The “GPS lady” sounds real, but she is not real.

If this story sounds familiar, it is. In December, my wife, Carla, and I listened to the “GPS lady” and turned off the state highway, trusting her to deliver us to the Indiana Farm Bureau Convention in French Lick. We made it, but only after navigating twisting country roads and surviving a town straight out of “Deliverance.”

So, I should know better. But with the emphasis on a virtual world this year, I was lulled into trusting the voice inside the dashboard. Never again!

No joke

As if I needed I reminder, I got one earlier this spring when trying to visit Jim and Jane Gillooly in Daviess County, Ind. Interstate 69 runs through their farm. Carla and I came from the south, having visited Jim and Carol Jo Droege at Wadesville. Both couples are Master Farmers this year.

Just outside Petersburg, GPS told us to turn right. I missed the sign, but Carla saw it. She started laughing.

Why? It was an actual highway sign that said, “GPS is wrong, don’t turn here!” Sure enough, since we had already turned, we went farther. Soon, we were getting farther away from our destination.

I got us back to a state highway, and we found the farm.

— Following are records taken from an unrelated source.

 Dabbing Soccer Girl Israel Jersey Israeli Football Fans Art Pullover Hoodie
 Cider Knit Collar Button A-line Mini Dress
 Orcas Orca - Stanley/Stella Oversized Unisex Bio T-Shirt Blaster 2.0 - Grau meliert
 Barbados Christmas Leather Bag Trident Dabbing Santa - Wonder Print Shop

Jim and Jane said we weren’t the first people to get snookered by GPS. My only regret is that I didn’t get a picture of the sign. I was going to snap it when we came back, but we couldn’t find it again!

You were where?

That brings me to June 8. I was heading to visit Brenda Sermersheim near St. Anthony in Dubois County, Ind. She gave me good directions. Go through Jasper, stay on state highways — sounded like a piece of cake.

I still had Carla program the address into GPS before I left, this time by myself. I was 10 miles from Jasper when the famous “GPS lady” started her chant. “In 500 feet, turn left … turn left now!” That was a county road, so I ignored it. I also ignored the second time she wanted me to turn, but then I saw “construction ahead” signs. So, the third time she squawked, I turned.

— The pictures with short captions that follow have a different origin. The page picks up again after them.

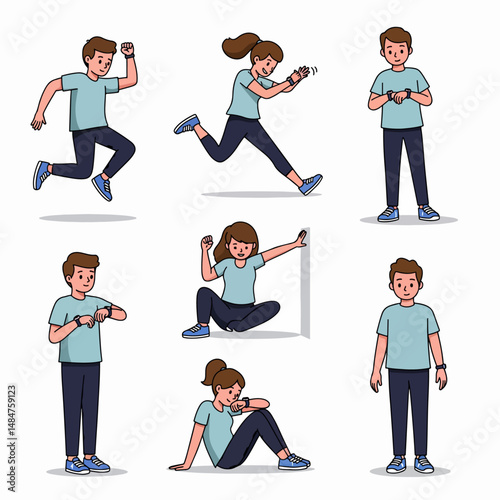 Active Lifestyle: A series of illustrations depicting people engaging in various activities with smartwatches, symbolizing modern fitness tracking and healthy habits.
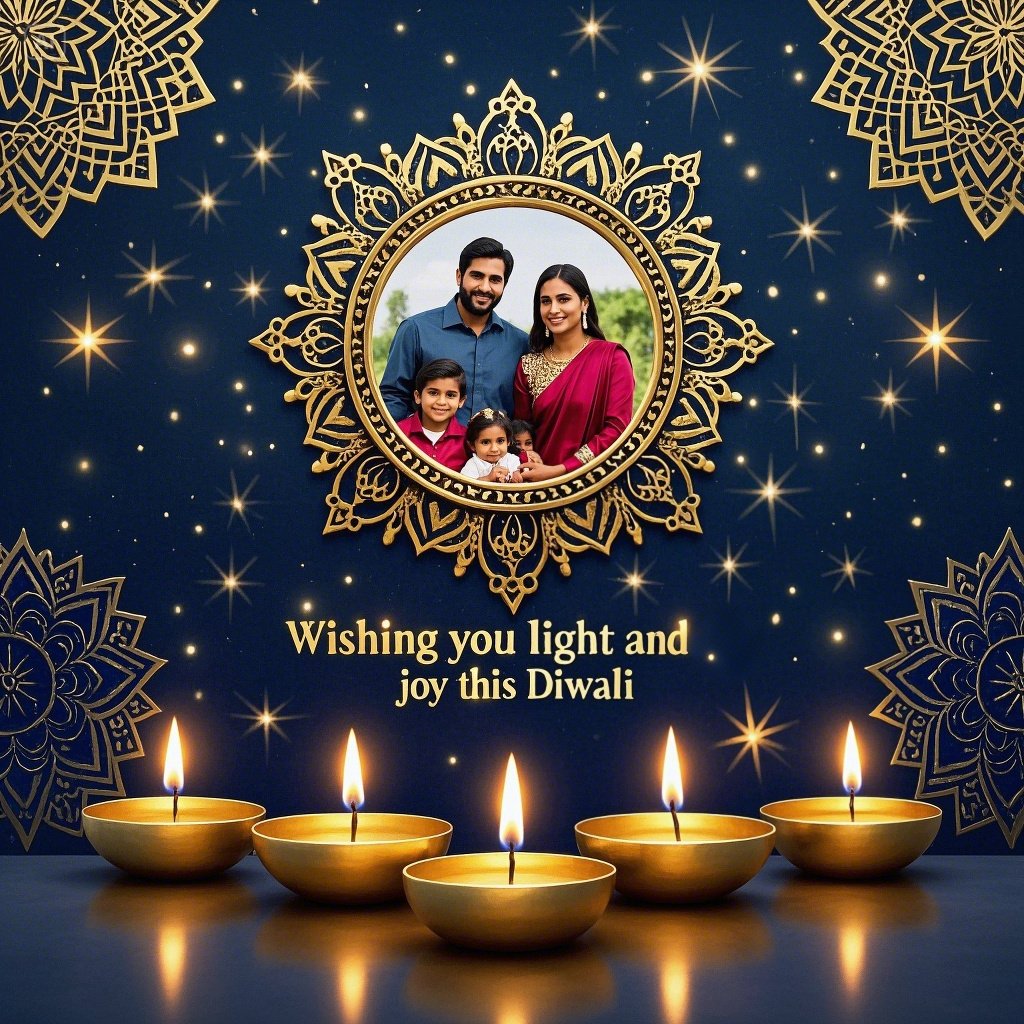 Traditional happy Diwali card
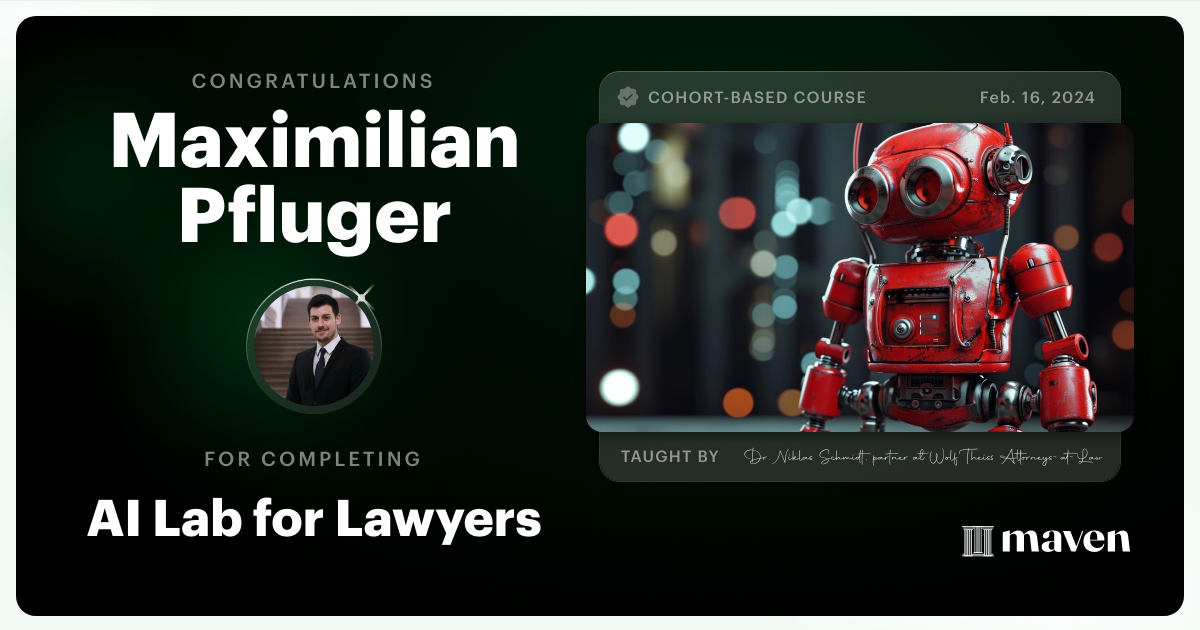 Certificate of Completion for AI Lab for Lawyers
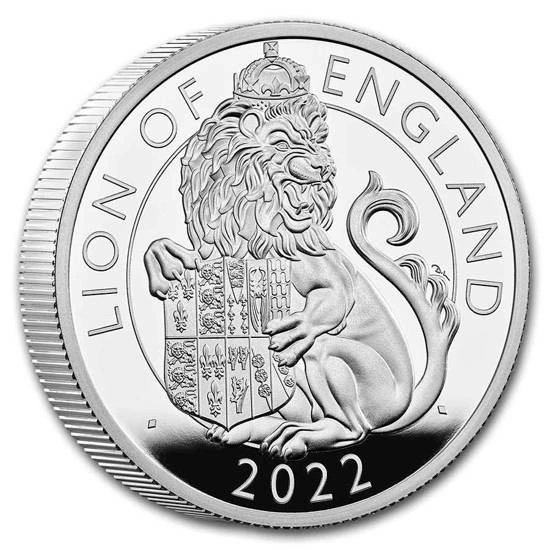 The Royal Tudor Beasts: Lion of England 2 unce stříbra 2022 Proof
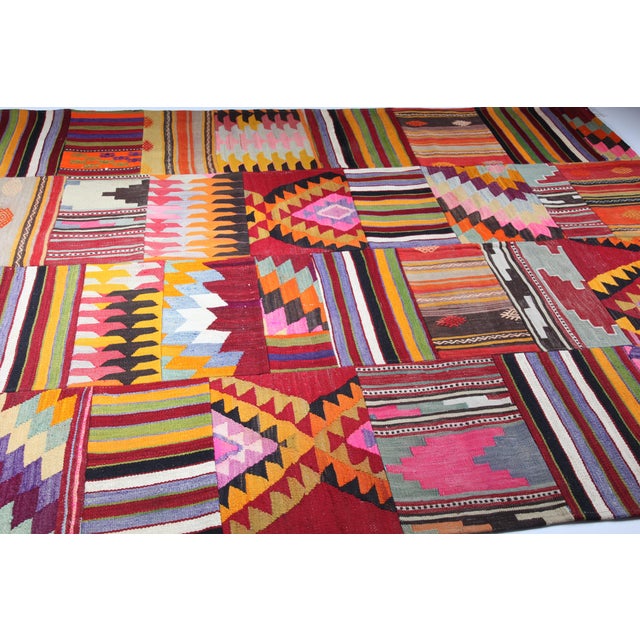 Mid 20th Century Designer Patchwork Rug Crafted From Authentic Anatolian Kilims -5' 7'' X 9' 10'' For Sale - Image 10 of 11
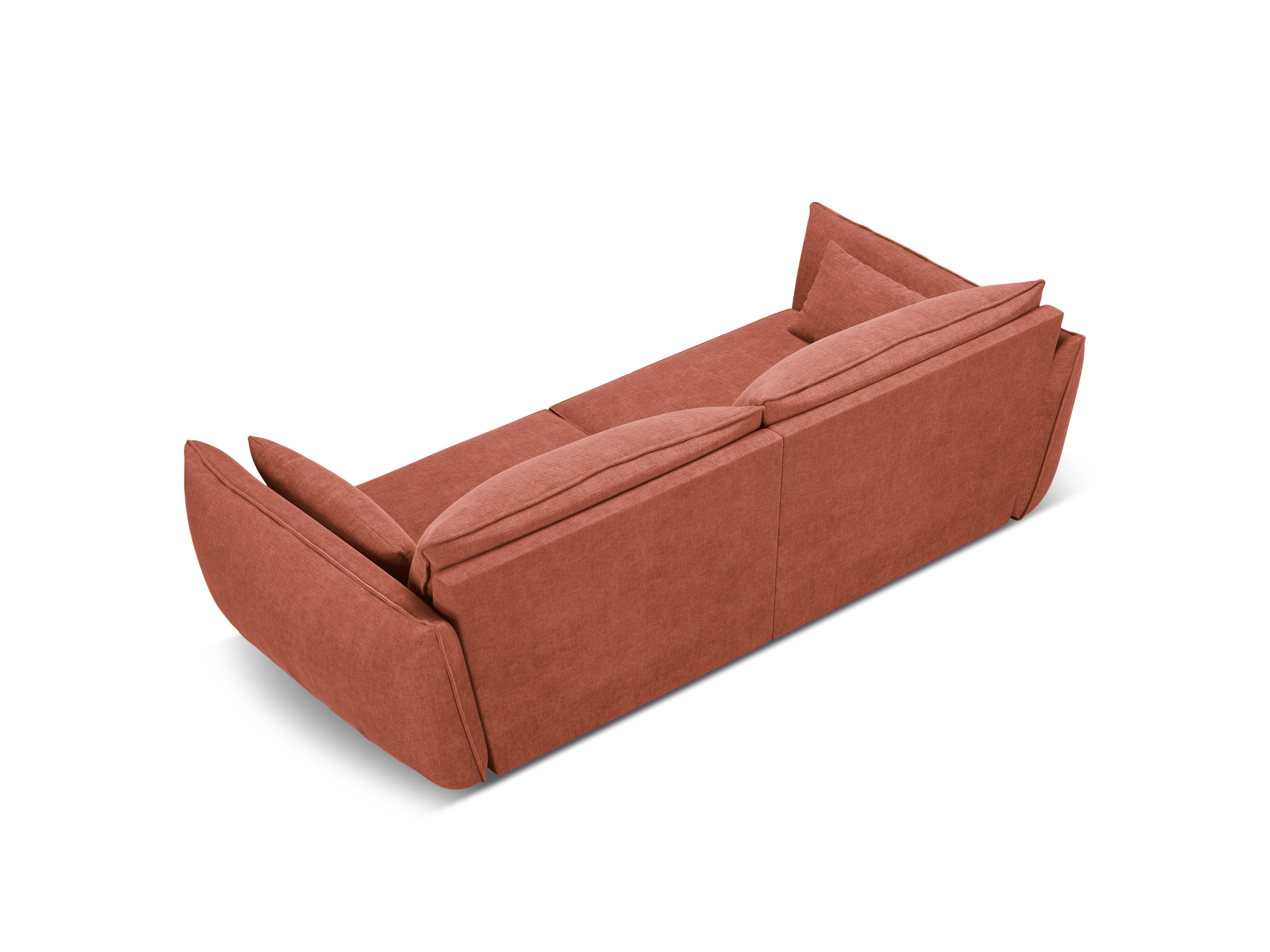 Sofa in the Sielilian Fabric of 3-person Vanda Terracotta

I saw parts of Dubois County I never knew existed. Beautiful country — hills, cover crops, quaint churches.

All was well until I was about 5 miles from Brenda’s house. “In 500 feet, turn right … turn right now!” It was a narrow gravel road, but I turned. In 500 feet, it turned into a dirt path with grass down the middle. Wait a minute … I kept going. Farm fields were on either side. Then suddenly I was crossing a shallow creek bed. This can’t be right.

Finally, I went up a hill with soft shoulders. I debated shifting into four-wheel drive but made it. Over the hill was a real blacktop road.

I told Brenda about the experience. “Oh, I know where you were,” she said. “That’s not really a road.”

Yes, I figured that out.

“But you’re not the first to go there,” she added. “GPS took a couple semi drivers there, too.”

I have a suggestion. Before you get all caught up in virtual reality, remember, there is no substitute for reality. And to the county commissioners in Dubois County, maybe you want to ask Pike County where they got the sign that says, “GPS is wrong!”